For the third part of this series, get ready to dig into the other category of digital filters — IIR filters!

References

Introduction to Digital Filters with Audio Applications and Spectral Audio Signal Processing by Julius O. Smith III
The Scientist and Engineer's Guide to Digital Signal Processing by Steven W. Smith
Digital Signal Processing by Alan V. Oppenheim and Ronald W. Schafer

Learn More: See all the articles in this series

by Isabel Kaspriskie on March 2, 2021

👽'tW∆s ∆lienz👽

awwww snapzzzzz! this series is the best ever! i needed this one, in particular, for years now. thank you thank you thank you. it has all these things i'm studying about in parts(sinc function, Gibbs phenomenon(something like this occurs in Chebyshev polynomials, too... "Runge's phenomenon"?), duality property of FFT, FIR vs. IIR, etc. etc...), but i can never put it all together so clearly.. i need more like this to help me out on these subjects - it's been difficult to gain a cohesive engineering-degree understanding from the fragmented approach of my limited music-degree perspective. Thank You Again! 🙌

(edit: my 'fragmented approach' is now made smoother by applying the 'window' of articles like these! 😃 😄 😁)

Lilli Wessling Hart

Thanks, Raja! Copy/paste was not my friend today. Should be fixed now.

👽'tW∆s ∆lienz👽

Thank You, Lilli "Lifeblood of Cycling74" Wessling Hart! 🙌

Isabel Kaspriskie

Thanks for the kind words, Raja! It's often that we have many of the pieces floating around in our brains, and the "aha" moment comes when those pieces start to fit together, right? Or just knowing what words to Google and read about.

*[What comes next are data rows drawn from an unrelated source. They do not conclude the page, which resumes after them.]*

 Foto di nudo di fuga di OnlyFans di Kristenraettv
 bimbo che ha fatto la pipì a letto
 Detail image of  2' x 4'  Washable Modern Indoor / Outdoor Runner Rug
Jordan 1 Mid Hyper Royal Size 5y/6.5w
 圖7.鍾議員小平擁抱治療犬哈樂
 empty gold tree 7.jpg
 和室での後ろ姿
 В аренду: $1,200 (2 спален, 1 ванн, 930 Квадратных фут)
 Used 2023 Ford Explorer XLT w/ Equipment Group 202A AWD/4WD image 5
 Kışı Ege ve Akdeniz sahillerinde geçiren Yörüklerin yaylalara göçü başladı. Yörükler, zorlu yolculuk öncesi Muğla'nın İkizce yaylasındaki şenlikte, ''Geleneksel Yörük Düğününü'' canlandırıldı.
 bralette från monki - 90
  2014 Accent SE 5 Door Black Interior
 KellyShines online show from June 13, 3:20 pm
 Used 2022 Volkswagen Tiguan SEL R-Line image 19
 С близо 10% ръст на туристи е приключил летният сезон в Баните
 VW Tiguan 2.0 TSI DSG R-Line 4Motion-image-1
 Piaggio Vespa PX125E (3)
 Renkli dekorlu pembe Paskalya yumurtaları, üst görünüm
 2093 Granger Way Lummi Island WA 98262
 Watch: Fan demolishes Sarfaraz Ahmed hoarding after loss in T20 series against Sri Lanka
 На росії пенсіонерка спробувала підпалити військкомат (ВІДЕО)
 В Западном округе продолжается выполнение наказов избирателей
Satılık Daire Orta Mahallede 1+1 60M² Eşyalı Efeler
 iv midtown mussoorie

As you mention Runge's phenomenon, that's indeed similar in its appearance to Gibb's phenomenon with all of the wild fluctuations that start to happen. I'll nerd out on everyone to talk a little about the differences between the two! :)

So Runge's phenomenon happens when you use high-order polynomials to interpolate between evenly-spaced (evenly-sampled!) points. "Chebyshev nodes" try to fix this by changing from evenly-spaced points to ones that are more heavily sampled at the edges. (In fact, to think about exactly how the sampling is done, imagine a circle with evenly distributed points along the circumference. Then imagine picking up that flat circle and looking at it from the side, sort of like looking at the edge of a circular piece of paper, if that makes sense. The points will smoosh together on the edges, and that's the same spacing that Chebyshev nodes use.) This "trick" helps reduce those crazy oscillations that happen when trying to interpolate sampled points.

Gibb's phenomenon is more related to sharpness of edges and how it's hard to represent sharp edges only mixing together sinusoids. Basically, the sharper you want the edges in one function, like in a square wave, the higher number of sinusoids you need to mix together to represent it in the Fourier way. Eventually you'd start nearing an infinite number of sinusoids/harmonics. So you can think about the Fourier series' "convergence at discontinuities" to see how those sharp edges will behave. There's lots of stuff out on the Internet to read about convergence and Gibbs phenomena which illustrate this convergence concept nicely. Basically, it doesn't quite converge the way you'd think. (Like I know I'd think adding more and more sinusoids would smooth it out, but that doesn't actually happen.)

Anyway, a digression, but cool ideas, right?